Chicago White Sox – No. 17
- Coach
- Born: April 15, 1990 (age 36) Clintonville, Wisconsin, U.S.
- Bats: RightThrows: Right
- Stats at Baseball Reference

Teams
- As coach Chicago White Sox (2024–present);

= Justin Jirschele =

American baseball coach (born 1990)

Justin Douglas Jirschele (born April 15, 1990) is an American professional baseball coach for the Chicago White Sox of Major League Baseball (MLB).

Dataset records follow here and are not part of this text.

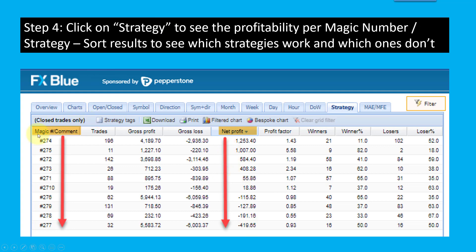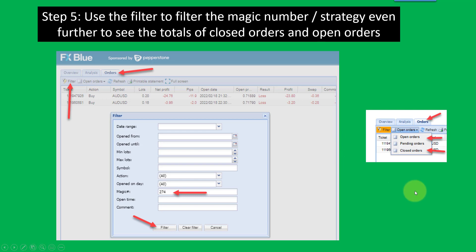This general view only focuses on closed trades. In order to see all trades, you use the filter facility in FX Blue. You click on that facility and tell the filter you only want to see one specific magic number, then click Filter. The results will then only show that particular magic number's results. You can go to Orders and look at the open orders — those currently running at a potential loss or profit — then also look at closed orders. By adding the two together you get the overall result for, say, magic number 274.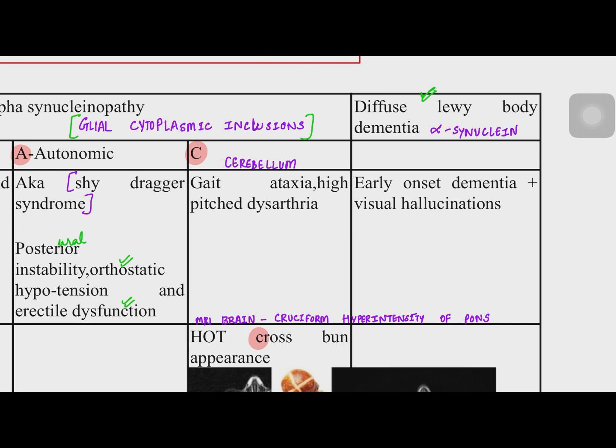The next major example of an alpha-synucleinopathy Parkinson plus syndrome is diffuse Lewy body dementia, which presents as early onset dementia with visual hallucinations.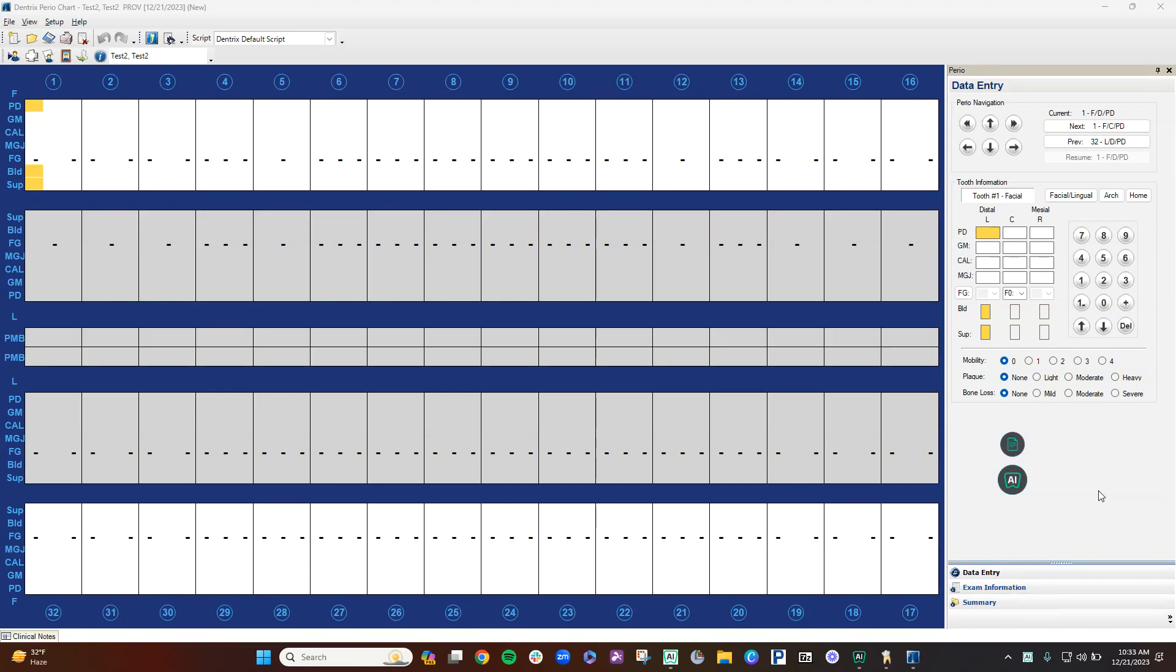I will be giving a demonstration on Voice, the periodontal charting system created by Denti AI. This will be a quick video to show you how Voice works within Dentrix.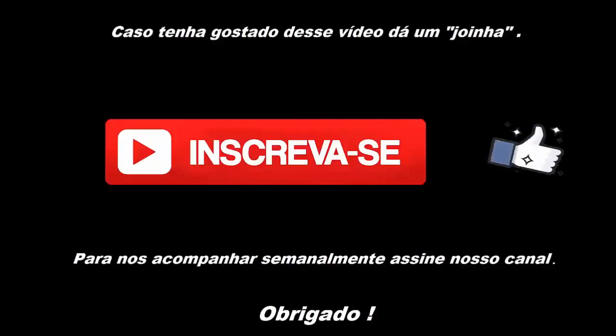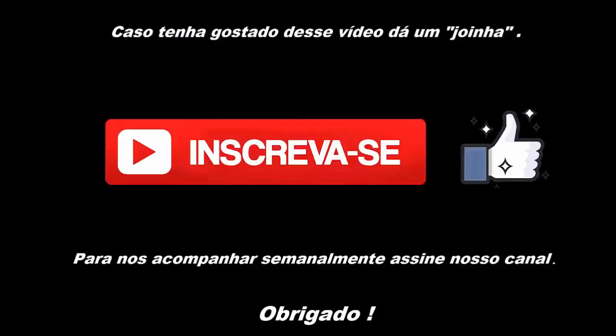Inscrevam-se. Compartilhem, deem um like, isso ajuda muito. Até o próximo vídeo. Tchau.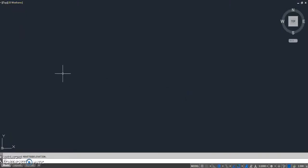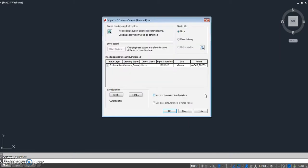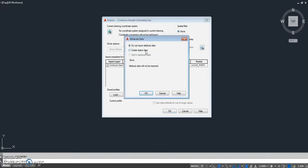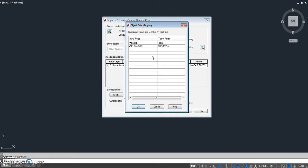We start by importing a shapefile using the map import command and selecting our Esri shapefile. Next we inspect the coordinate system and select the data to import. Take note of the field name for elevation data and the table name — here we are using contour sample.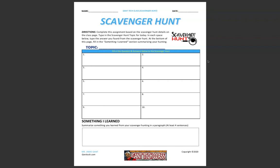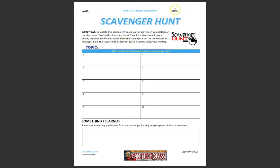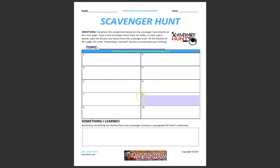Complete this assignment based on the scavenger hunt details on our class page. Type in the scavenger hunt topic in this section for today. Make sure to put your name and today's date above. In each space below, type the answer found from your scavenger hunt.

Jirschele is the son of Mike Jirschele. He attended Clintonville High School in Clintonville, Wisconsin. He also played American Legion Baseball for Clintonville, winning the state championship in 2007 and 2008. Jirschele attended the University of Wisconsin-Stevens Point.

Jirschele played in Minor League Baseball in the Chicago White Sox organization for four seasons before retiring in 2015. That year, he became a coach for the Rookie-level Great Falls Voyagers. In 2017, he became manager of the Single-A Kannapolis Intimidators. In 2021, he became the manager of the Double-A Birmingham Barons. The White Sox named him the manager of the Triple-A Charlotte Knights before the 2023 season.

During the 2024 season, Jirschele was promoted as a coach to the major league roster for the White Sox. He returned to their staff in 2025.